The second time it happened i was in college, his name was Kyle. We went out on several dates, i said i loved him first, we were out for dinner in this fancy restaurant, i said i loved him and he gave me the same exact look, Ethan had given me four years ago. He died on the spot. They said his heart just stopped beating. He was only twenty three years old.

It was during his funeral that i realized, something was wrong with me, it was no coincidence the two men i had fallen in love with, the moment i said the three magic words, they dropped dead.

I was cursed.

PRESENT.

"So what are we having? Whiskey? Soda? Wine? You look like a wine person, do you need a minute? The bartender asks me, as i settle into an empty chair.

" Any chance i can get a cosmo?" i ask looking around.

" Nope, but i have all the hard stuff."

" Make it a shot of Jack Daniels." i say looking around the empty bar. Its a little past midnight now. And then i spot him. He is tall, broad shoulders. He has tattoos that slide all the way up to his shirt sleeves, his shirt is purple in color which compliments his skin well.

He is about ten feet away, but there's enough light that i can see his eyes as they slowly drag over my body without revealing a single thought. This guy holds his cards well.

The bartender glides back to me with my drink, i loose concentration of the guy i was watching watch me for a moment. I look up at him again, now he is standing up. I look at his face and casually absorb him. He is one beautiful man. He is got eyes that seem like they have seen a thing or two, and hands that have probably hit a man or two. His hair is fluid like his movements. Long, dark strands that hang in his eyes and move whatever direction he moves. He doesn't touch his hair, he hasn't since i have been sitting here. He just let's it get in his way, but then he will flick his head every now and then. I watch him as he disappears slowly and am left there alone with my thoughts.

As soon as the bartender walks away and gives his attention to someone else, i take the shot of tequila and close my eyes and cry because life can be so fucking cruel and hard. I have wanted to quit living for the longest time now, but then moments like this remind me that happiness isn't some permanent thing we are all trying to achieve in life. It's merely a thing that shows up every now and then, sometimes in tiny doses that are substantial enough to keep us going.

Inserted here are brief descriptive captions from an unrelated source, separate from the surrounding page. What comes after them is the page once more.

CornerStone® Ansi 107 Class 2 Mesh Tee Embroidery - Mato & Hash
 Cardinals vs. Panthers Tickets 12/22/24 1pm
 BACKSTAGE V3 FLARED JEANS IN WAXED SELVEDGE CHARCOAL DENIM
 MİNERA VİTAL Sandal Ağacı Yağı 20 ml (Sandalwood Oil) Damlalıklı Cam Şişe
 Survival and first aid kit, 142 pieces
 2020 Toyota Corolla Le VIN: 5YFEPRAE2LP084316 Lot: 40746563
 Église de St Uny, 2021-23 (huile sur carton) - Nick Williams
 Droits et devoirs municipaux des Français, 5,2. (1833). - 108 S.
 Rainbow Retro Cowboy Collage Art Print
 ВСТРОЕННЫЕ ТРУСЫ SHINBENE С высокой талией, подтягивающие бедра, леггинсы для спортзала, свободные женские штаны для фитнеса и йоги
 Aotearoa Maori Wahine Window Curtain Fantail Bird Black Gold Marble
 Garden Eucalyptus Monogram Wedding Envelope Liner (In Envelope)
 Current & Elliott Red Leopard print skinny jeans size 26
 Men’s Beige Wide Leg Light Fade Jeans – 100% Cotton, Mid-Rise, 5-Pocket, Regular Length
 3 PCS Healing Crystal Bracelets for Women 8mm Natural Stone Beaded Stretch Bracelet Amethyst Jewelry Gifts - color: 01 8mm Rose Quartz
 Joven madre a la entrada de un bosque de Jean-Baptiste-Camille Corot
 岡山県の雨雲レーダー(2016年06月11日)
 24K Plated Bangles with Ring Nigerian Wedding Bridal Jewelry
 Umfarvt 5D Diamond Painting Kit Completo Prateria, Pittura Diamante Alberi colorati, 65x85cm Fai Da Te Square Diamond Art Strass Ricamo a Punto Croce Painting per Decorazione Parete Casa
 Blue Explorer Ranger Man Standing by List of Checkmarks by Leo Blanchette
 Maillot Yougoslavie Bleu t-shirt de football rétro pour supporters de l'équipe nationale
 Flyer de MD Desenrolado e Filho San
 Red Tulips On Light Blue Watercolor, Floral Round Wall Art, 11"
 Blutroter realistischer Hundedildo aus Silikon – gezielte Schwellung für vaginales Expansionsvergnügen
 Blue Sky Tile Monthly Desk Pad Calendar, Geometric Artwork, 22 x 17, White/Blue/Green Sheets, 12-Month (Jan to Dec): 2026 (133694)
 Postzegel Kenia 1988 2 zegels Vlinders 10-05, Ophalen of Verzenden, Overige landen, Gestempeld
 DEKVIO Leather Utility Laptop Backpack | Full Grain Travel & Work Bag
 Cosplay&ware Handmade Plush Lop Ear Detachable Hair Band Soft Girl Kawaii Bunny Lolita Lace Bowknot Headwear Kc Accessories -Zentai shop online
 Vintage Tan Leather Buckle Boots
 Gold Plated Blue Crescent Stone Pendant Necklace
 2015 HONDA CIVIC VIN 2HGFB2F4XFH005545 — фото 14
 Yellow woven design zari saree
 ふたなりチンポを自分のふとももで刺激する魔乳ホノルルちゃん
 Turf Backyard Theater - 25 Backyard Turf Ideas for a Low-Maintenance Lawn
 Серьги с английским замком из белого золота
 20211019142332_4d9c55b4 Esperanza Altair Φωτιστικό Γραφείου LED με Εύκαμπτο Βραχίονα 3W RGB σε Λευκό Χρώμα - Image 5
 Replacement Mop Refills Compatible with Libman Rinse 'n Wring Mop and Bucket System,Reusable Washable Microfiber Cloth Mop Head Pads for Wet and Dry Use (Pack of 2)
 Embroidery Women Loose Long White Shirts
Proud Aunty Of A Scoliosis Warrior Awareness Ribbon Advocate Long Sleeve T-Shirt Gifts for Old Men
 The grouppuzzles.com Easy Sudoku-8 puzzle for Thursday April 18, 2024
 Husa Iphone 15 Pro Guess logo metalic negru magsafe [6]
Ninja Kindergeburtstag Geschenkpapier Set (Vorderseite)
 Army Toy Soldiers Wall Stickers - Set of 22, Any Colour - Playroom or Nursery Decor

I take a joint from my bag and step outside on the patio of the bar.

It takes me a second to realise the man, the beautiful man with thick hair was standing at the ledge of the patio. He let's out a rush of air, as if seeing me had him actually holding his breath. I can't help how unfortunately cute he is upclose.

No, cute is an insult actually.

This guy is beautiful, well manicured, smells like money, looks to be several years older than i am. His eyes crinkle in the corner as they follow me, and his lips seem to frown even when they aren't. I can tell he is the type of guy that people respect and are easily impressed by. I take hit of my joint as he watches me.